● What you should do
Repeat the listing verbatim. Drop any pictures.

● Data provided
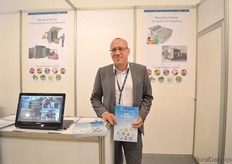 Hans Juursema of Weber Cooling. According to Juursema, increasingly more growers are going to cool the flowers on the farm already.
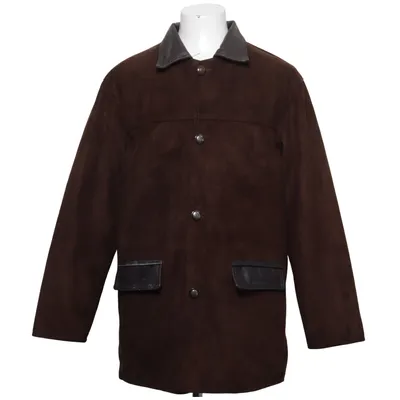 Jacket (Brown, Gray) from AC Polyester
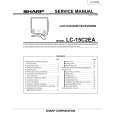 SHARP LC15C2EA Service Manual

● Solution to this problem
 Hans Juursema of Weber Cooling. According to Juursema, increasingly more growers are going to cool the flowers on the farm already.
 Jacket (Brown, Gray) from AC Polyester
 SHARP LC15C2EA Service Manual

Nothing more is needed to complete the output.